WHAT THE TASK REQUIRES: From the first line of the listing below to the line with "Brautkleid im Meerjungfrauen-/Trompetenstil", print each line exactly, and nothing more. Leave out the pictures.

──────── DATA FOR THIS EXERCISE

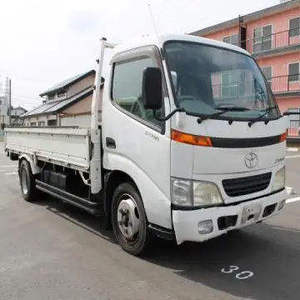 Dyna Gasolina 8 Cilindros, Color Oscuro, Tracción en las Cuatro Ruedas, Asientos de Cuero, Camioneta Intermedia, Volante a la Izquierda, Techo Panorámico, Automática, Aleación de Aluminio - Product Image 1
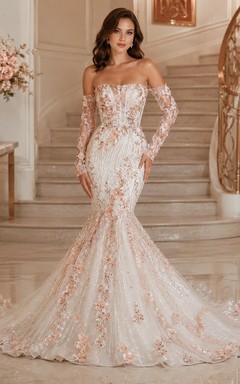 Brautkleid im Meerjungfrauen-/Trompetenstil mit roségoldener Spitze, schulterfrei, langen Ärmeln und bodenlanger Schleppe – ein luxuriöses Abendkleid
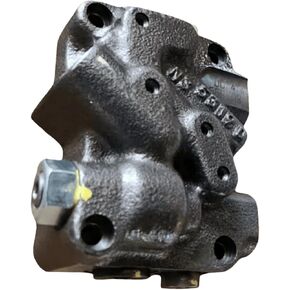 Valve Assembly for Komatsu WB146-5 WB146PS-5 WB156-5 WB156PS-5 WB93R-5 Backhoe Loaders 708-1U-03332 708 1U 03332 in Kuwait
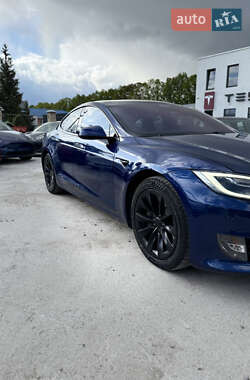 Лифтбек Tesla Model S 2019 в 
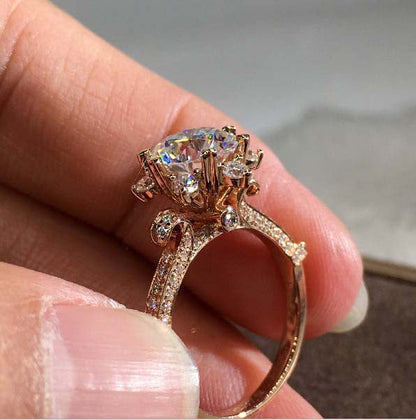 Classic Gold Ring with Timeless Appeal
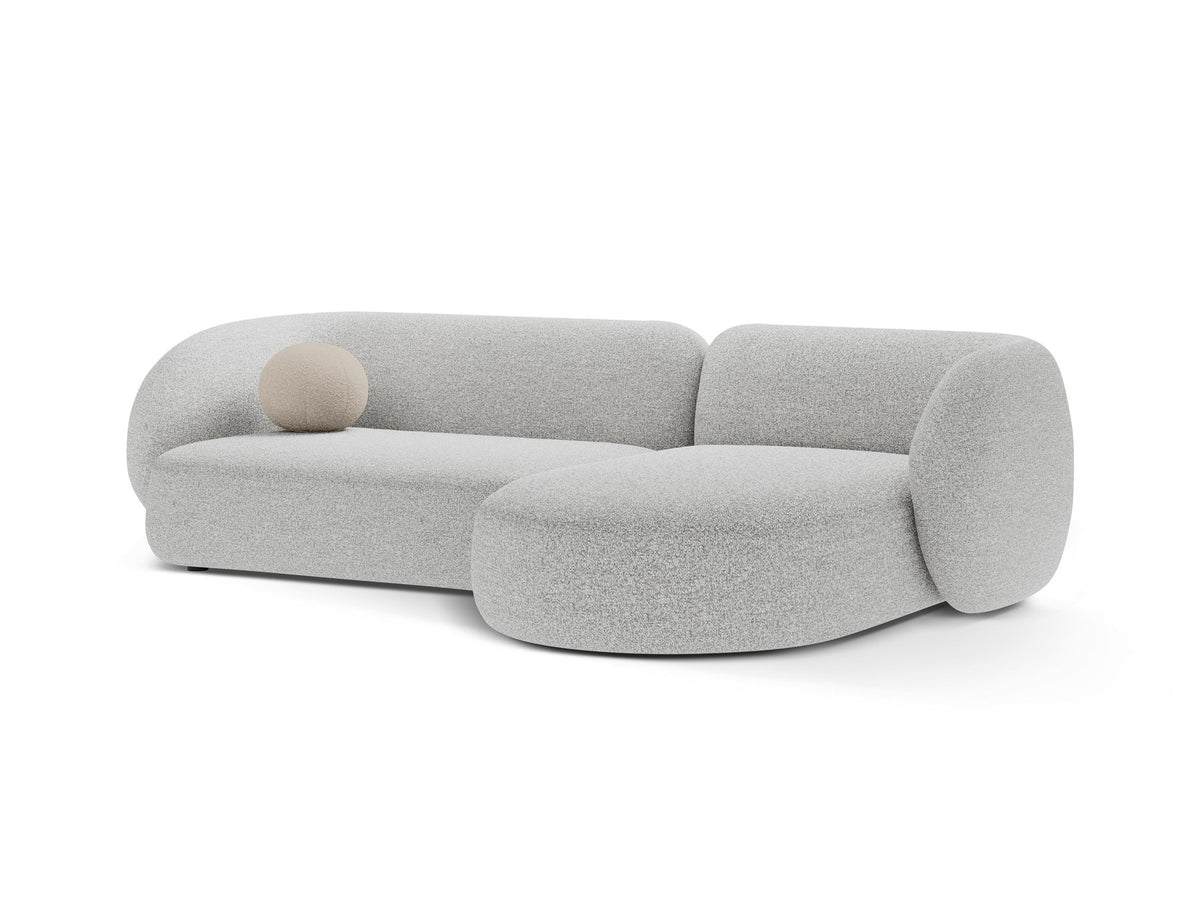 Weisses Ecksofa rechts Kate von Micadoni mit strukturiertem Bouclé-Stoff, schwarzen Kunststoffbeinen und niedriger Rückenlehne.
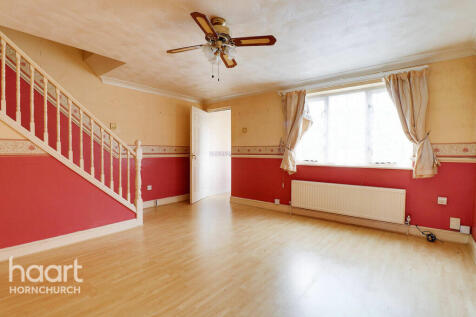 Pease Close, Hornchurch 3 bed end of terrace house for sale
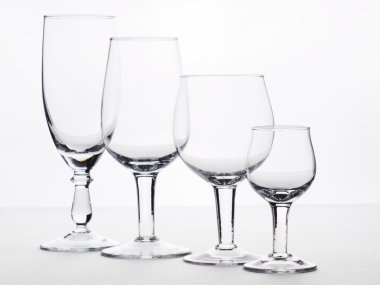 durduklarını için birkaç boş bardaklar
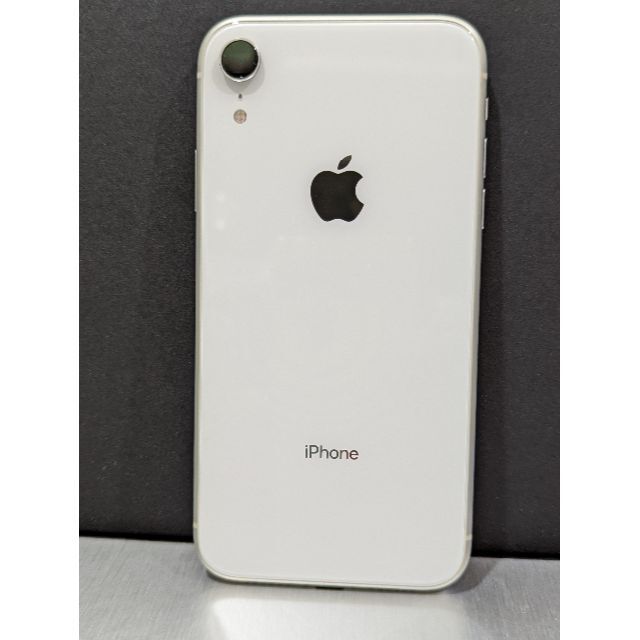 iPhone XR 64G ホワイト　simフリー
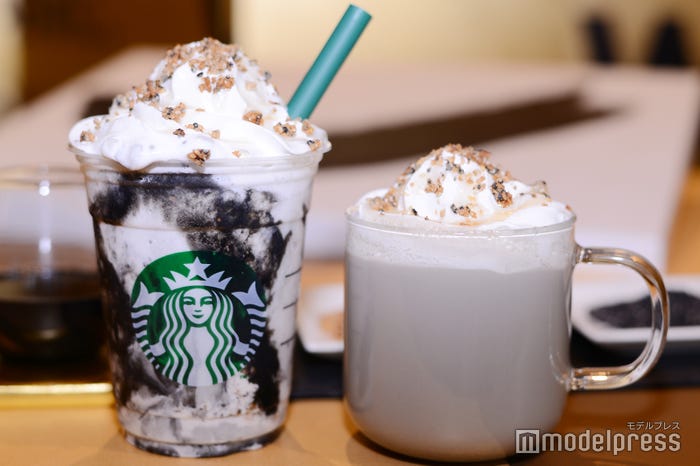 「ゴマ ゴマ ゴマ フラペチーノ」と「ゴマ ゴマ ゴマ ラテ」 (C)モデルプレス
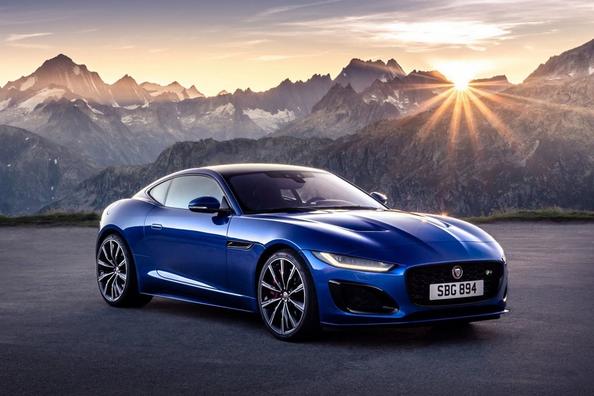 Atjaunināta sporta kupejas Jaguar F-Type Coupe modifikācija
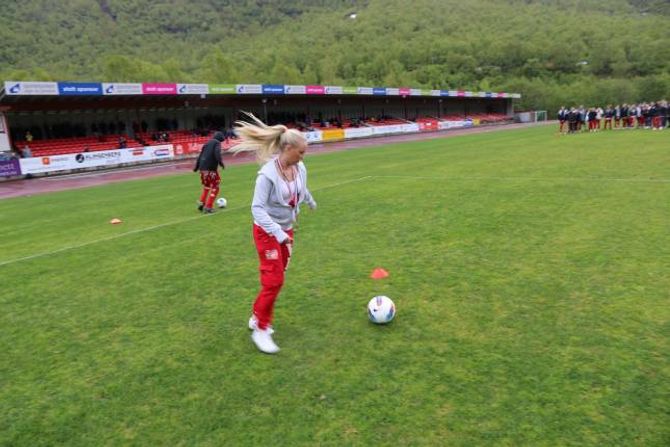 RUSS I FARTA: Det var Årdalsrussen som stod for underhaldning mellom omgangane, og sprang maraton trass redusert tilstand.
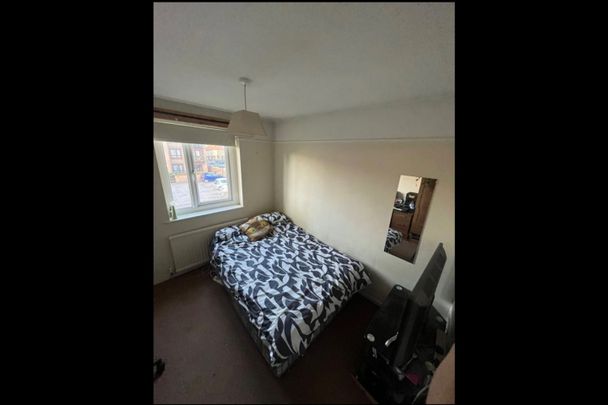 Room in a Shared House, Manor Road, BS16 - Photo 1
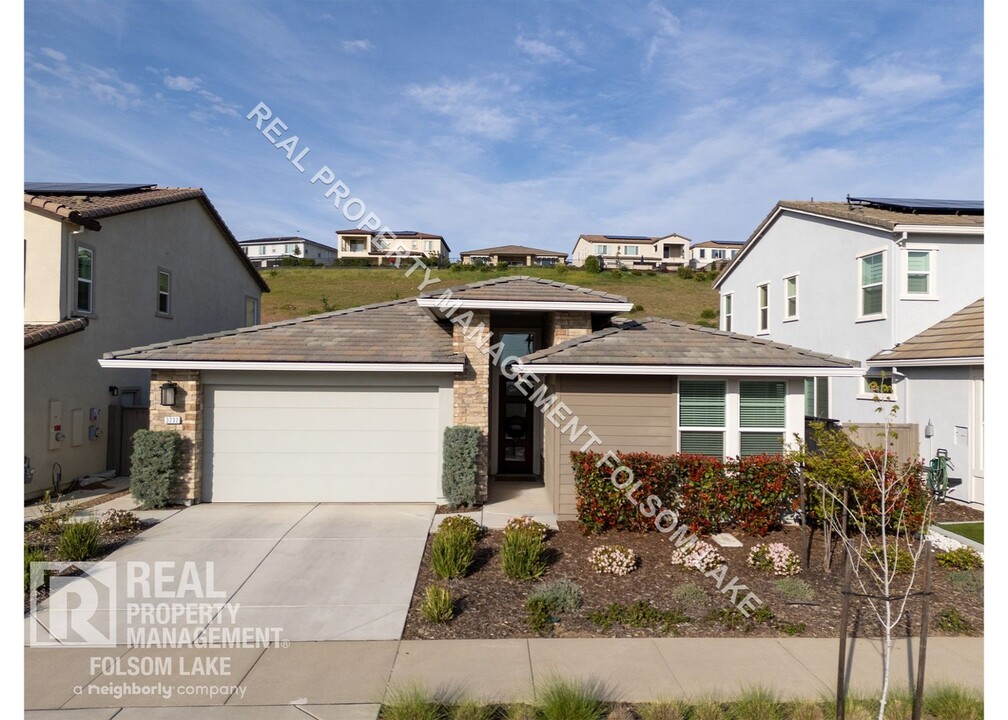 3232 Wildland Ct in Folsom, CA - Foto de edificio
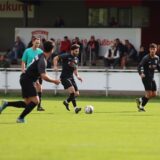 Spieler des Lüner SV stehen auf dem Platz.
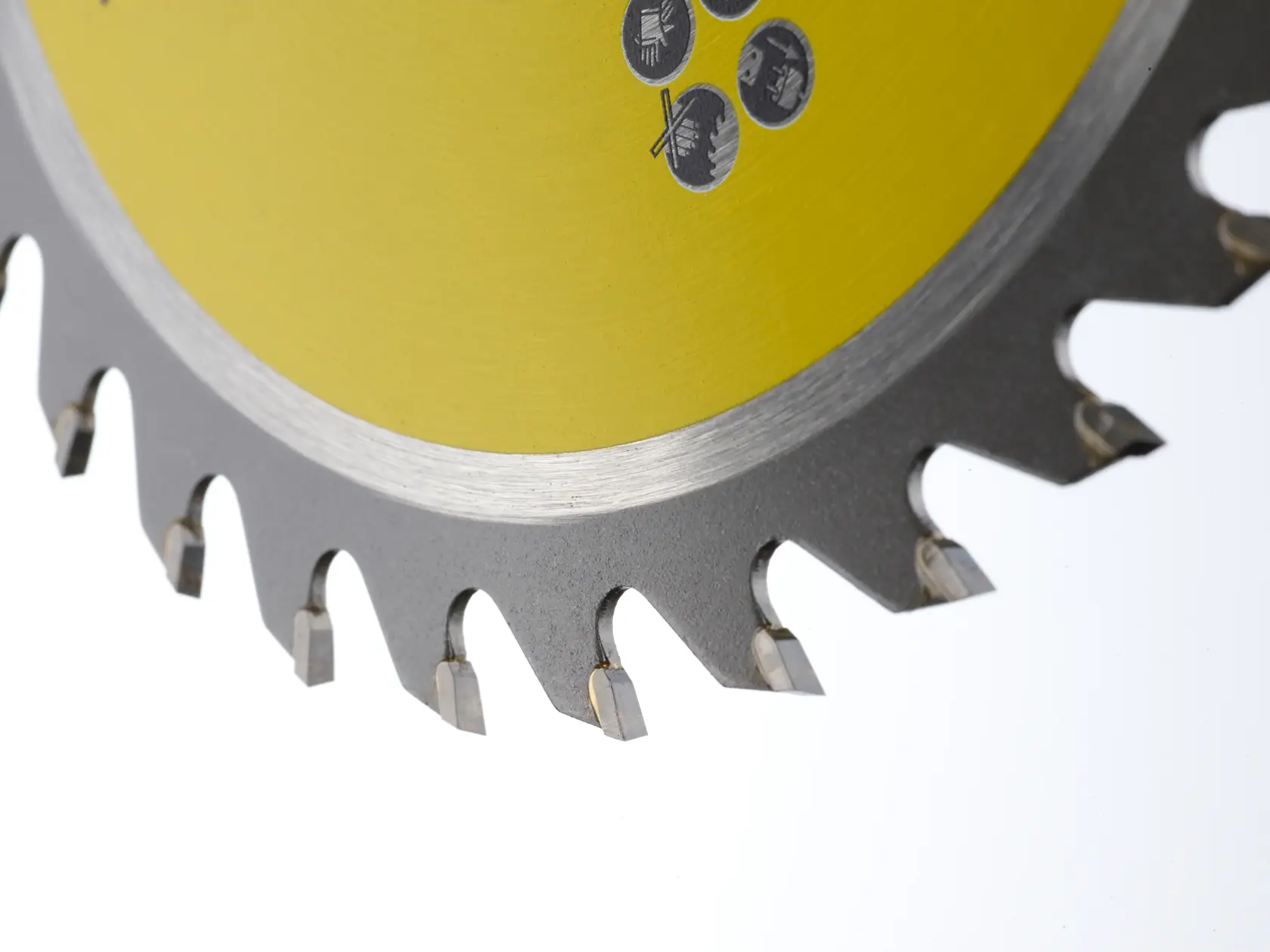 Photo of STANLEY STA13005 circular saw blade, close-up angle showing yellow center and sharp carbide teeth.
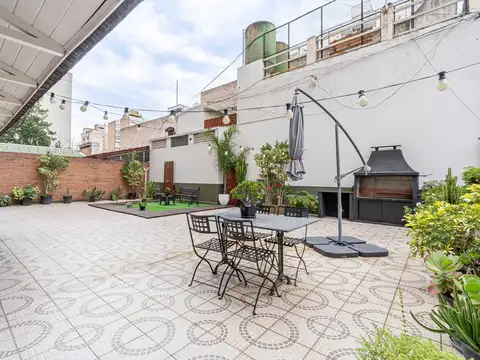 Departamento piso exclusivo 4 dormitorios con cochera doble.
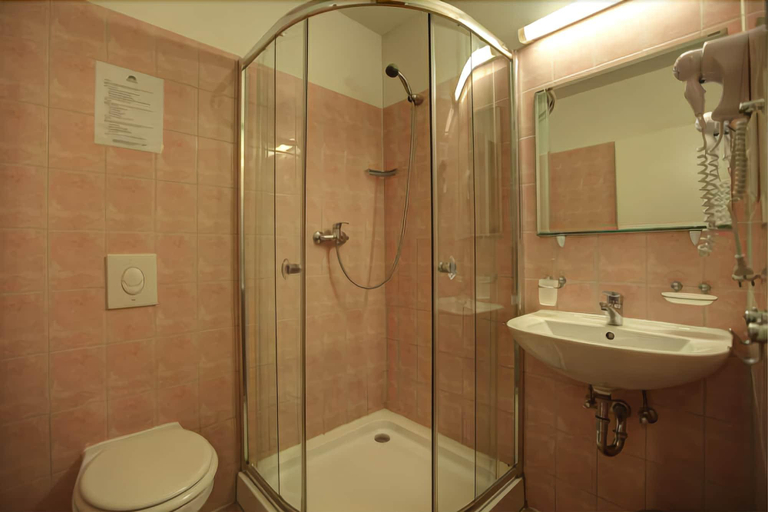 Bathroom 4, Bernstein, Berlin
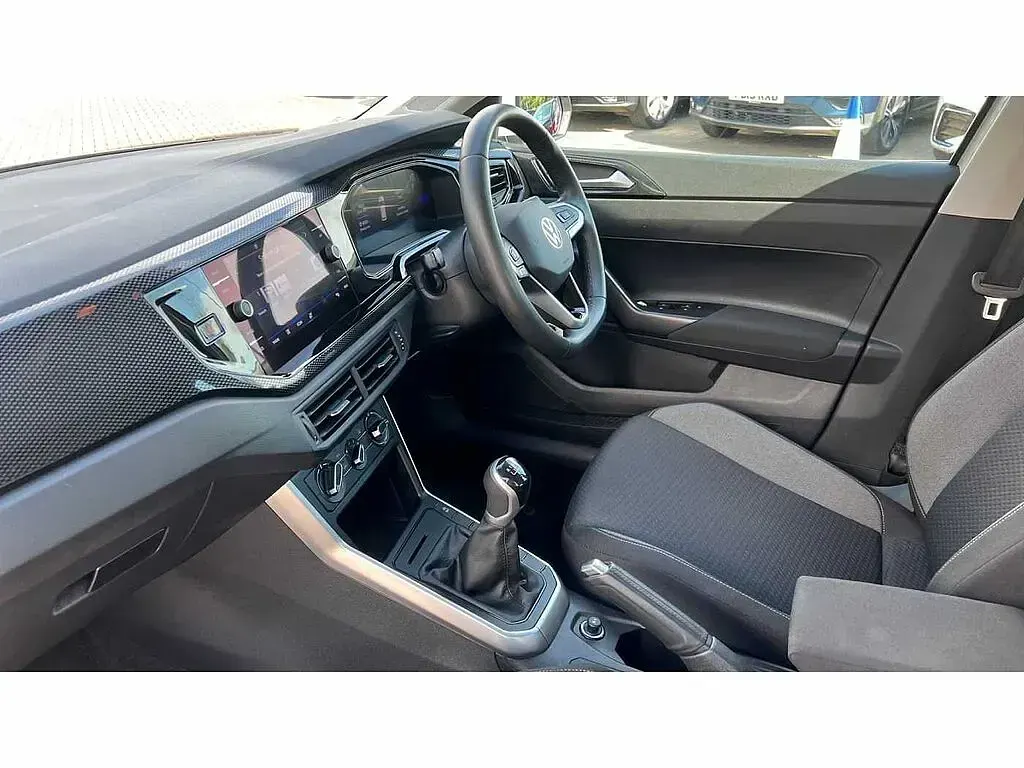 Used VW Polo Life 95 HP (69 kW) 2023 Ascot grey Hatchback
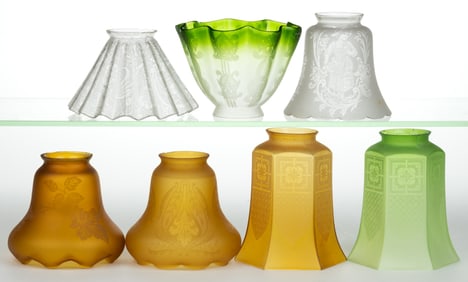ASSORTED ACID CUT-BACK ELECTRIC LAMP SHADES, LOT OF SEVEN
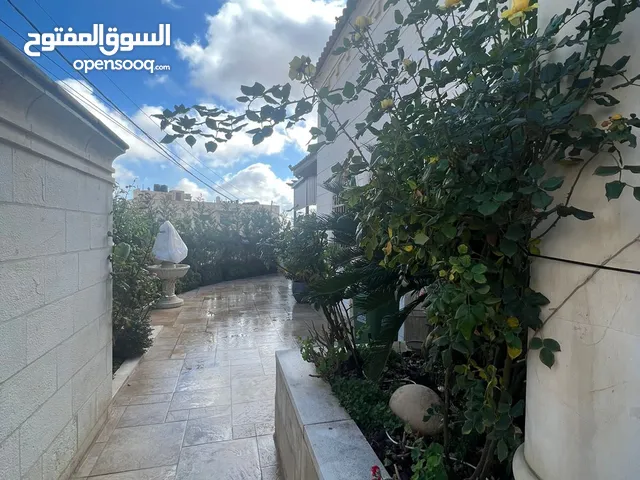 377 m2 More than 6 bedrooms Townhouse for Sale in Amman Daheit Al Rasheed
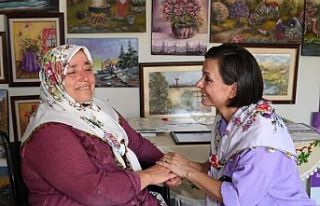İzmir Karabağlar'da ‘Şalvarlı Ressam’a...
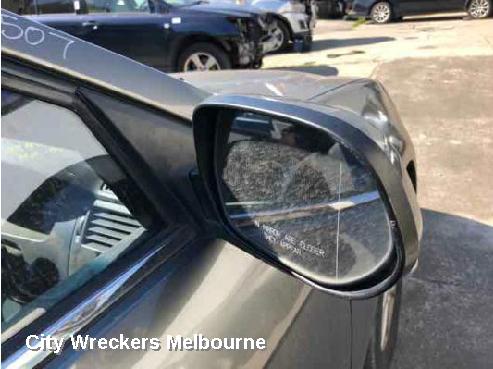 HOLDEN EPICA RIGHT DOOR MIRROR, EP 02/2007 - 12/2011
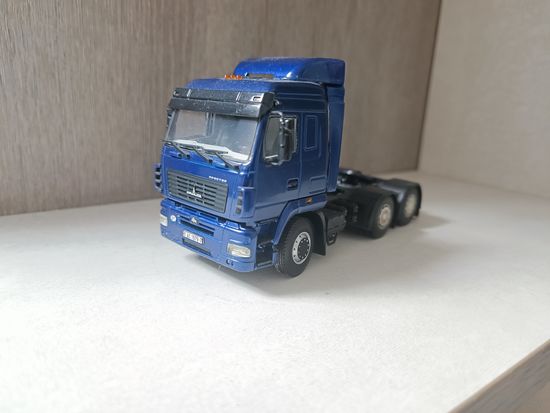 Масштабная модель МАЗ 6430 1/50 WSI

────────────────

THE ANSWER:
 Dyna Gasolina 8 Cilindros, Color Oscuro, Tracción en las Cuatro Ruedas, Asientos de Cuero, Camioneta Intermedia, Volante a la Izquierda, Techo Panorámico, Automática, Aleación de Aluminio - Product Image 1
 Brautkleid im Meerjungfrauen-/Trompetenstil mit roségoldener Spitze, schulterfrei, langen Ärmeln und bodenlanger Schleppe – ein luxuriöses Abendkleid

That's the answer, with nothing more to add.